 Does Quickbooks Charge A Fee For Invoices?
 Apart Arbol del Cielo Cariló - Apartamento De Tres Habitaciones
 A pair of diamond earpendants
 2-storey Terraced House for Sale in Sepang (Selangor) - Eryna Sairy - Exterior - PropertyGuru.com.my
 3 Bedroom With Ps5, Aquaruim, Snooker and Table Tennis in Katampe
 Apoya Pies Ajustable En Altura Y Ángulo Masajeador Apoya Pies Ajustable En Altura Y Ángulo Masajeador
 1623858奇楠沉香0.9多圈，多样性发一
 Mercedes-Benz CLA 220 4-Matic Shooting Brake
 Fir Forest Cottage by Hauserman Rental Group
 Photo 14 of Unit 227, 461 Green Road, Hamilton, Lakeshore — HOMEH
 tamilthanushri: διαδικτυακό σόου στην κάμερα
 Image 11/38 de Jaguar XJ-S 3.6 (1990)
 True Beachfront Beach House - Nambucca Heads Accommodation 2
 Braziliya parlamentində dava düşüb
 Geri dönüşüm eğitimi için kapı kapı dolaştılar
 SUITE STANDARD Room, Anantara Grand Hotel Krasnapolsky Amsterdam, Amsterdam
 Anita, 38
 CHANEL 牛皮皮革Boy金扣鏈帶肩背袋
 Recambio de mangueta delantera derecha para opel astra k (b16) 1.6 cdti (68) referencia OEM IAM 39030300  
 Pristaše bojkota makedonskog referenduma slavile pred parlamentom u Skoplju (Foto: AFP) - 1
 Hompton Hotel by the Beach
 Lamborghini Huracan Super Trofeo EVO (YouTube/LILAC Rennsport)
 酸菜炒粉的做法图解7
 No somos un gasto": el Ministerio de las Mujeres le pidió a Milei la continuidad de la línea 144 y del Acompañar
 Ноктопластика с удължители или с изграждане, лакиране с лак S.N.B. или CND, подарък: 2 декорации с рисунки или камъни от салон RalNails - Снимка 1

________

§ WORK TO COMPLETE
In the records above, the line with "Braziliya parlamentində dava düşüb" marks the start and the line with "Lamborghini Huracan Super" marks the end; copy that stretch exactly, both lines included, and nothing else.

§ ANSWER TO THE EXERCISE
 Braziliya parlamentində dava düşüb
 Geri dönüşüm eğitimi için kapı kapı dolaştılar
 SUITE STANDARD Room, Anantara Grand Hotel Krasnapolsky Amsterdam, Amsterdam
 Anita, 38
 CHANEL 牛皮皮革Boy金扣鏈帶肩背袋
 Recambio de mangueta delantera derecha para opel astra k (b16) 1.6 cdti (68) referencia OEM IAM 39030300  
 Pristaše bojkota makedonskog referenduma slavile pred parlamentom u Skoplju (Foto: AFP) - 1
 Hompton Hotel by the Beach
 Lamborghini Huracan Super Trofeo EVO (YouTube/LILAC Rennsport)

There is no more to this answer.